Grafik: Mann mit Lupe

Bild: Thomas Jansa, fotolia

Eine Vielzahl von Quellen können Luftverunreinigungen in Innenräumen hervorrufen. Neben den Materialien, der Möblierung und Reinigungs- und Pflegemitteln ist vor allem der Mensch selbst zu berücksichtigen. Er gibt durch die Atmung Kohlendioxid, körpereigene Geruchsstoffe sowie Bakterien und Viren an die Raumluft ab. Auch beim Schwitzen gehen Substanzen in die Umgebungsluft über.
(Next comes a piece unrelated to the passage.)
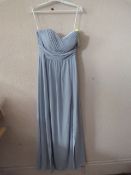 *Social Size: 6 Cloudy Blue Bridesmaid Dress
Benutzt man Deodorants, so erhöhen deren Inhaltsstoffe zum Beispiel den Anteil an flüchtigen organischen Verbindungen in der Luft. Haarausfall und Hautabschilferungen tragen zur Staubentstehung bei. Daneben sind weitere Emissionsquellen nicht nur EDV-Geräte, Kopierer und Drucker sondern auch die ganz normalen Büroartikel wie Papier, Stifte, etc.

Abhängig vom Ergebnis der Ermittlungen ist über das weitere Vorgehen zu entscheiden. Lässt sich der Verdacht auf Gefahrstoffexpositionen nicht bestätigen, sind andere Ursachen für die Beschwerden zu suchen. Erhärtet sich der Anfangsverdacht, dass Gefahrstoffe in der Luft am Arbeitsplatz vorliegen, können basierend auf den Ermittlungsergebnissen gezielte Gefahrstoffmessungen veranlasst werden. Vielfach können auch ohne Gefahrstoffmessungen allein aufgrund der Ermittlungsergebnisse Entscheidungen über erforderliche Maßnahmen (z. B. Sanierung) getroffen werden.